Highly recommend that you test your function on small simulation dataset, i.e., from the data you generate above

The skeleton of the function should be something like this:

def plsa_em(doc_mat, num_topics=5, max_iter=20, eps=1e-3):
  num_docs, num_words = doc_mat.shape
  p, theta = init_parameters(num_docs, num_words, num_topics)
  gamma = np.zeros((num_words,num_docs,num_topics))
  
  i = 0
  while True:
    # overwrite gamma since it can get rather large
    estep(doc_mat, gamma, p, theta)
    new_p, new_theta = mstep(doc_mat, gamma)
    if i >= max_iter or check_convergence(doc_mat, new_p, new_theta, p, theta, eps):
      break
    
    i += 1
    p, theta = new_p, new_theta
  return p, theta

Part III: LDA with Gibbs Sampling

Implement Latent Dirichlet Annotation with Gibbs Sampling.
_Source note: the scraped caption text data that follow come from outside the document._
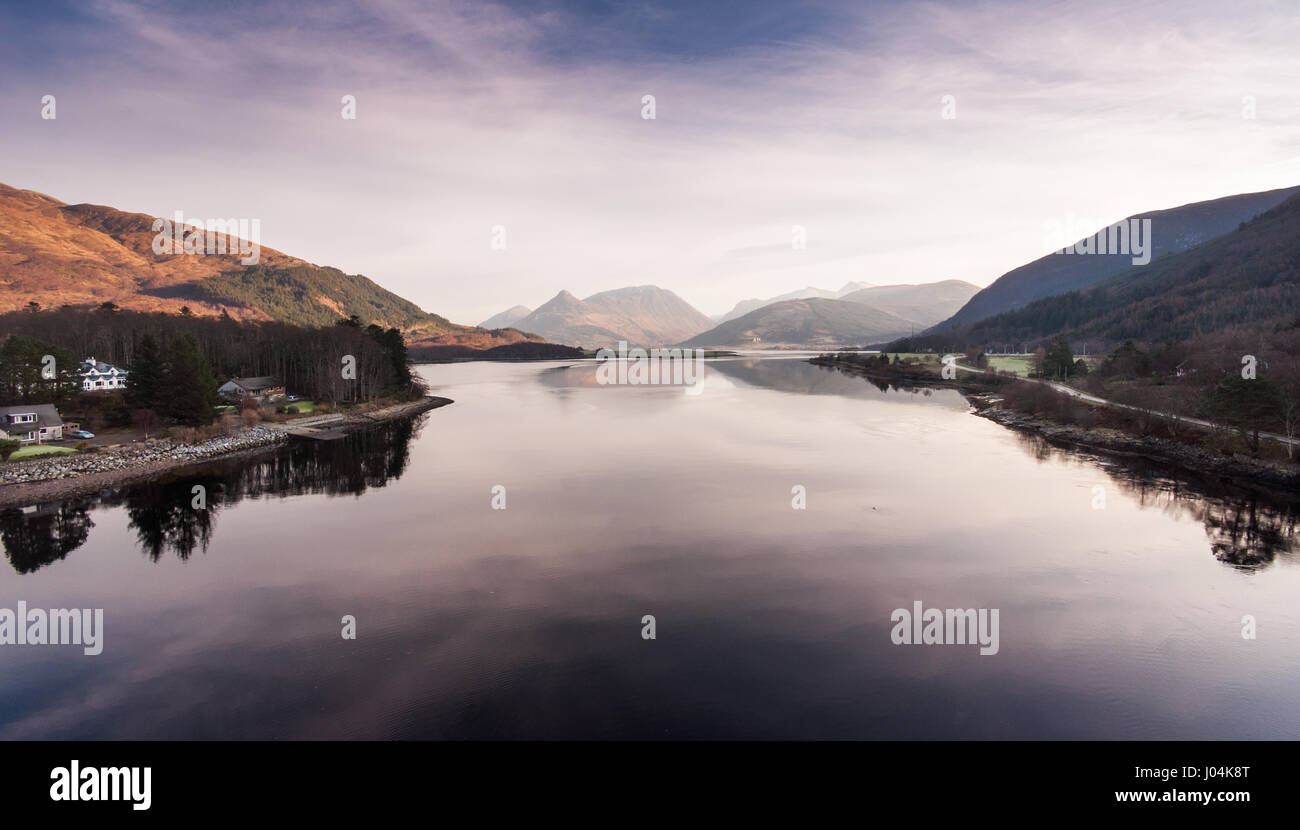 The mountains of Glen Coe reflected in Loch Linnhe sea loch, viewed from the Ballchulish Bridge in the West Highlands of Scotland. Stock Photo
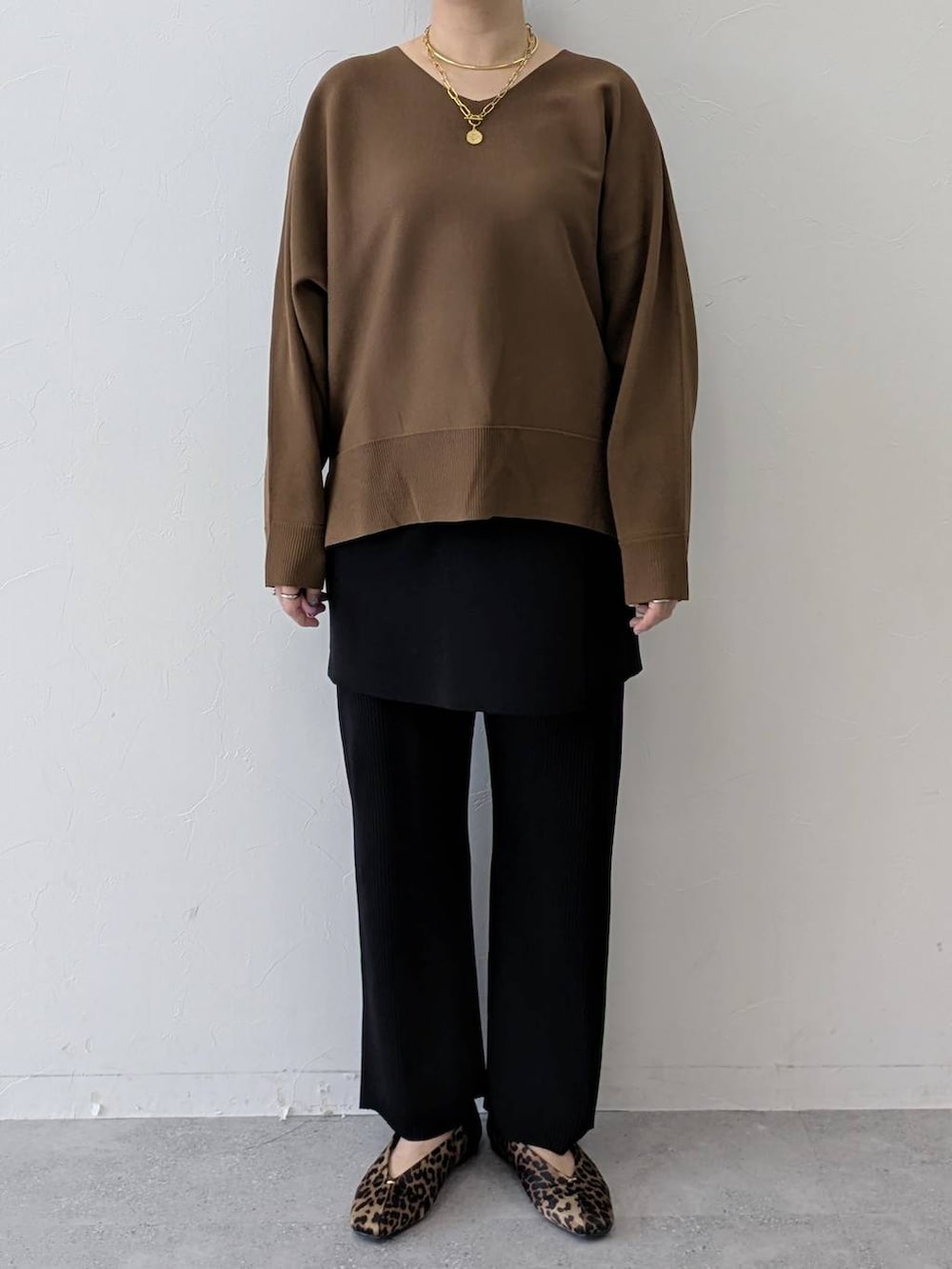 ブラウン系のパンプス、ブラック系のその他パンツ、ブラック系のスカートを着用したレディースの春コーディネートの6枚目の写真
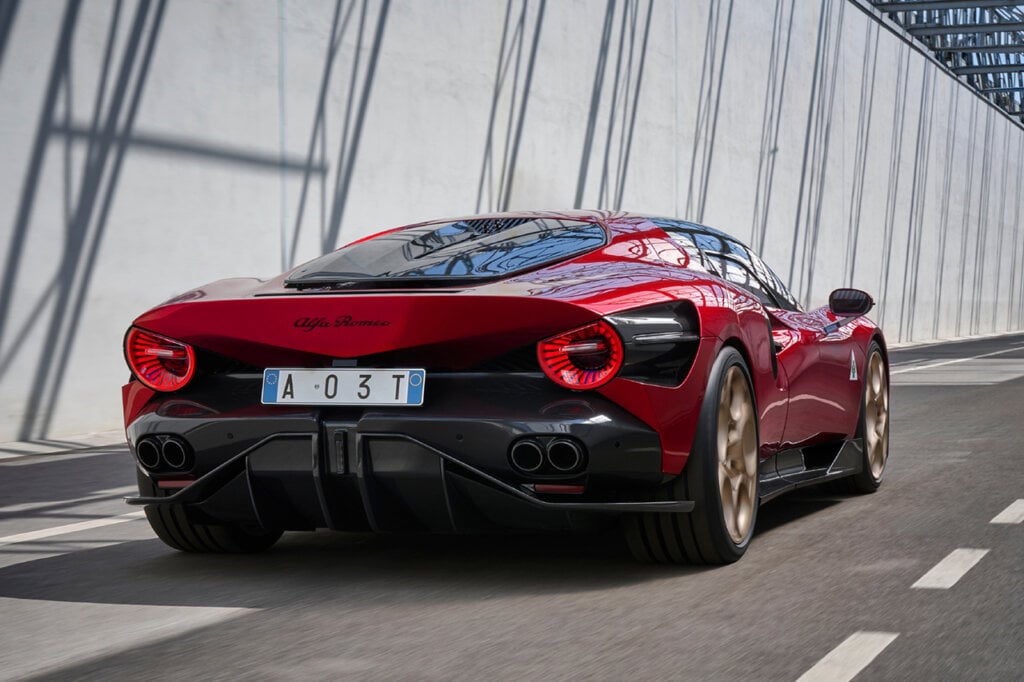 Red Alfa Romeo 33 Stradale cruising down a street with a white wall with shadows to the left of it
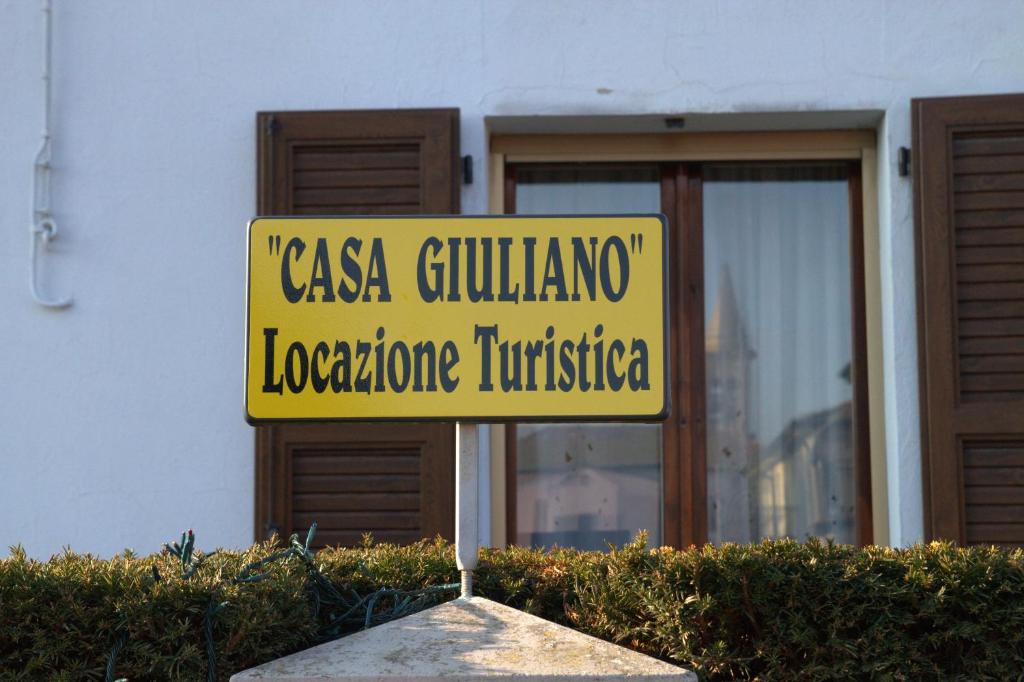 una señal de calle amarilla frente a un edificio en Casa Giuliano en Pincara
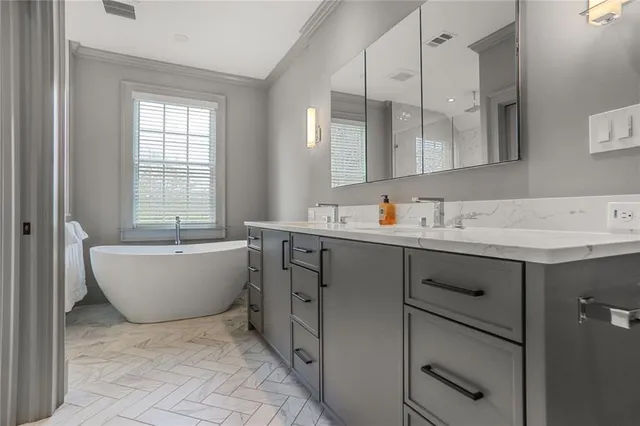 a bathroom with a bathtub a sink a mirror and a window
See lecture notes for details.

The overall structure of the function should be

def lda_gibbs(doc_mat, num_topics=5, alpha=1, beta=1, total_iter=200, burn_iter=100):
  num_docs, num_words = doc_mat.shape
  p, theta = init_parameters(num_docs, num_words, num_topics,alpha,beta)
  gamma = np.zeros((num_words,num_docs,num_topics))
  delta = np.zeros((num_wrods, num_docs, num_topics))
  
  num_estimates = total_iter - burn_iter
  delta_estimates = np.zeros((num_words, num_docs, num_topics, num_estimates))
  
  i = 0
  while True:
    # overwrite gamma since it can get rather large
    compute_gamma(gamma, p, theta)
    
    # overwrite delta since it can get rahter large
    sample_delta(doc_mat, gamma, delta)

    # keep estimate if past burn_in iterations
    if i >= burn_iter:
      j = i - burn_iter
      delta_estimates[:,:,:,j] = delta
      
    p = sample_p(delta, alpha)
    theta = sample_theta(delta, beta)
    
    if i >= total_iter:
      break
    
    i += 1
    
  final_delta = np.mean(delta_estimates, axis=3)
  p = get_final_p(final_delta, alpha)
  theta = get_final_theta(final_delta, beta)
  return p, theta

Part III: Applying Methods

Use your pLSA and LDA implementations to learn topics from the Reuters dataset. Instructions on how to prepare data will be posted separately.

Analysis 1: Compare topics learned from pLSA and LDA given \(T=3\)

Analysis 2: Compare LDA topics learned for different values of \(T\)

Use it on a few different values of \(T\) (number of topics to learn). Do your topic distributions reflect sensible topics?